St John the Baptist Church, Newcastle upon Tyne

St John the Baptist
 St John the Baptist shown within Tyne and Wear

54°58′12″N 1°36′56″W / 54.9701°N 1.6155°W / 54.9701; -1.6155Coordinates: 54°58′12″N 1°36′56″W / 54.9701°N 1.6155°W / 54.9701; -1.6155

OS grid reference NZ245639
Location Newcastle upon Tyne
Country England
Denomination Anglican
Status Parish church
Functional status Active

St John’s Church is a 12th-century church in Westgate Road, Newcastle upon Tyne, England, dedicated to St John the Baptist.


The old church of St. John, believed to date from c.1287, with its low square time-worn tower, standing amongst its green trees, is the pleasantest sight to be seen in Westgate Street. Gray calls it "a pretty little church, commended by an arch-prelate of this kingdom because it resembled much a cross". And a pretty little church it is, its quiet simplicity rendered more charming still by the huge piles of modern buildings which surround and overtop it on three sides. It has no pretension to architectural beauty; there is nothing grand about it; its tower, as we have said, is low and square, with little pinnacles at the corners; its windows have flattened arched tops, far from elegant in design but there is something about it which makes it pleasing. Perhaps it is that it recalls to our mind some little country church, and that its aspect is suggestive of green trees and sunny pastures and quiet sylvan delights, amongst all the turmoil and bustle of the busy streets which run past it.

Over the outside of the large window in the south transept, which looks into Westgate Street, is a stone which has carved upon it the arms of Robert Rhodes, the builder of St. Nicholas’ steeple, and the benefactor of this and all the churches of the town. The stone we see is a copy of the original one placed there in the lifetime of the good lawyer, as were also his arms in the groining of the tower, to commemorate his generosity.
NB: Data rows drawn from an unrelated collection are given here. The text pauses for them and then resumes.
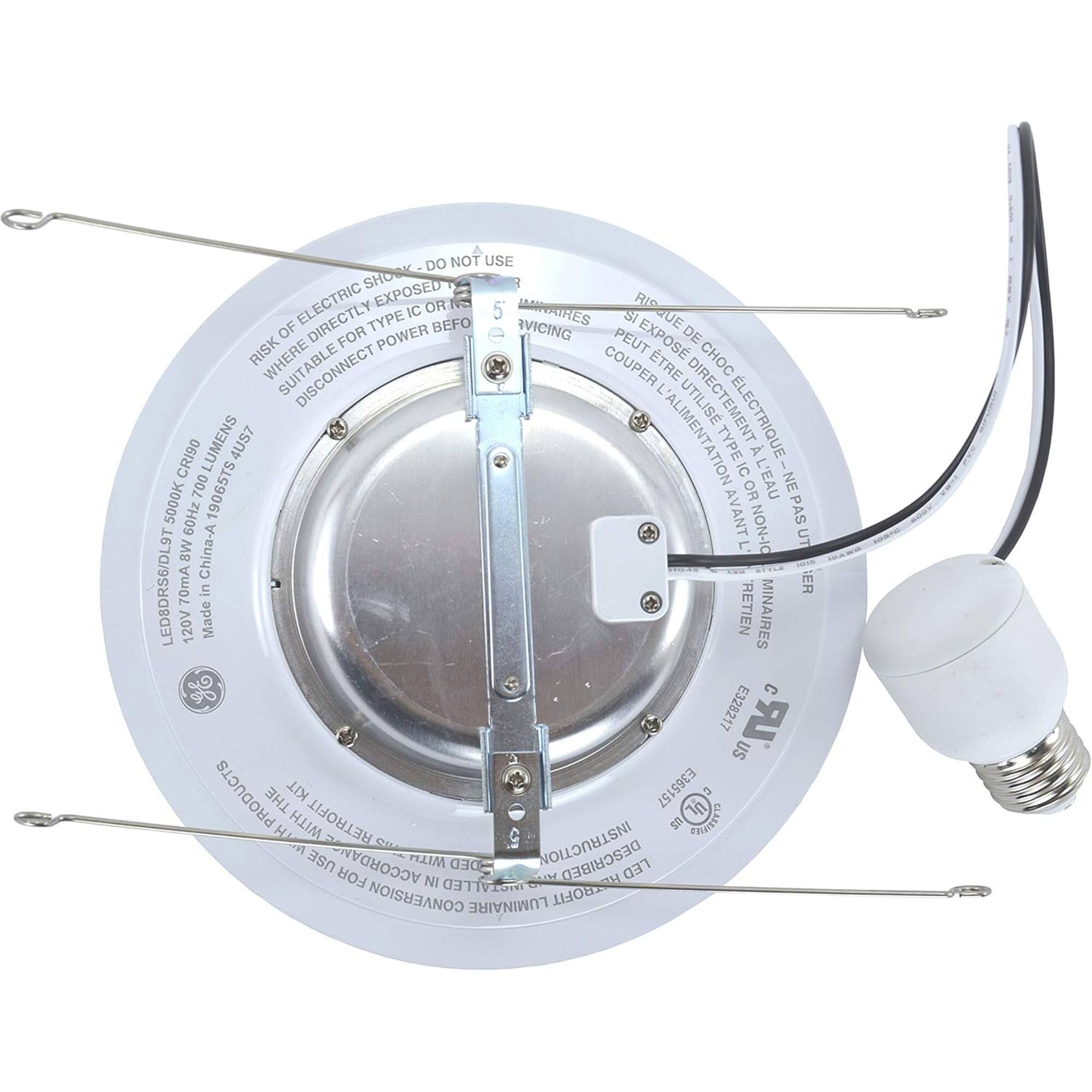 DO NOT USE  
RISK OF ELECTRIC SHOCK - DO NOT EXPOSE TO DIRECTLY  
SUITABLE FOR TYPE IC OR BEFORE DISCONNECT POWER  
SI EXPOSE À L'ÉLECTRICITÉ - NE PAS EXPOSER À L'ÉLECTRICITÉ DIRECTEMENT  
COUPER L'ALIMENTATION AVANT D'UTILISER  
RISQUE DE CHOQUÉ ÉLECTRIQUE - NE PAS EXPOSER À L'ÉLECTRICITÉ DIRECTEMENT  
DISCONNECT POWER BEFORE USE  
PEUT EXPOSER À L'ÉLECTRICITÉ - NE PAS EXPOSER À L'ÉLECTRICITÉ DIRECTEMENT  

LED8DRS6/DL9T  
120V  
700 LUMENS  
60Hz  
5000K  
8W  
70mA  
Made in China  

E328217  
E365157  

INSTRUCTION RETROFIT KIT  
CONVERSION RETROFIT KIT  
INSTRUCTION RETROFIT KIT  
CONVERSION RETROFIT KIT  

INSTRUCTION RETROFIT KIT  
CONVERSION RETROFIT KIT  
INSTRUCTION RETROFIT KIT  
CONVERSION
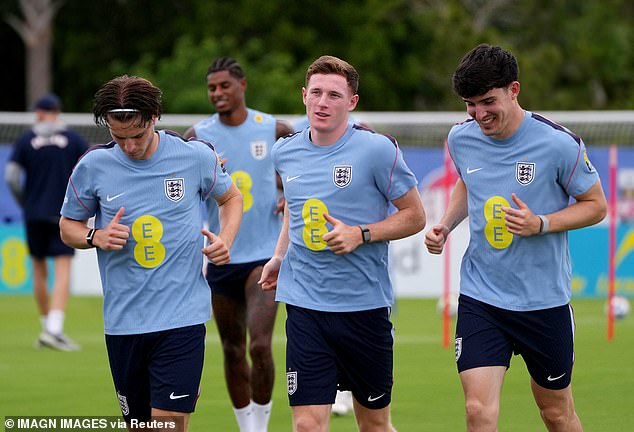 A notícia da lesão (direita) do Livramento chega apenas um dia antes da Inglaterra enfrentar a Croácia na estreia do Grupo L, em Dallas, na quarta-feira, e está longe de ser ideal para o técnico dos Três Leões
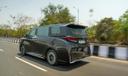 Toyota vellfire Rear look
The old one was taken down about 1861, when some repairs were being executed, and is now in the castle.[1]


The 15th century font cover and the Jacobean pulpit are fine examples of local woodwork. When the church was restored a new sanctuary was created at the Crossing, which contains a stone altar slab given in 1712 as a reminder of the church revival under Queen Anne. The chancel, now the Lady Chapel, contains a window including the fragments of medieval glass with the earliest known representation of the arms of Newcastle. Further along the wall can be seen a cruciform opening which enabled the anchorite, whose cell was above the present sacristy, to see the altar. The rood and reredos are both the work of Sir Charles Nicholson.[2]

John Cunningham

John Cunningham is buried in the graveyard.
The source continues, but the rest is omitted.